- _Exercise objective_:
Take the lines below between the one holding "Médecin masculin tenant" and the one holding "BACH,J.S.: Suity pro", inclusive, and copy them exactly. Add nothing.

- _Records_:
——————————
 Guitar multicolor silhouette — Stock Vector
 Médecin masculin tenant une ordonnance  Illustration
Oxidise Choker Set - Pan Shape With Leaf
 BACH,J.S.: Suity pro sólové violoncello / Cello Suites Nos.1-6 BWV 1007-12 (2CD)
——————————
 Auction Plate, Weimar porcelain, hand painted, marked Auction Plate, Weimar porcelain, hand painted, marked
——————————
- _Response area_:
 Médecin masculin tenant une ordonnance  Illustration
Oxidise Choker Set - Pan Shape With Leaf
 BACH,J.S.: Suity pro sólové violoncello / Cello Suites Nos.1-6 BWV 1007-12 (2CD)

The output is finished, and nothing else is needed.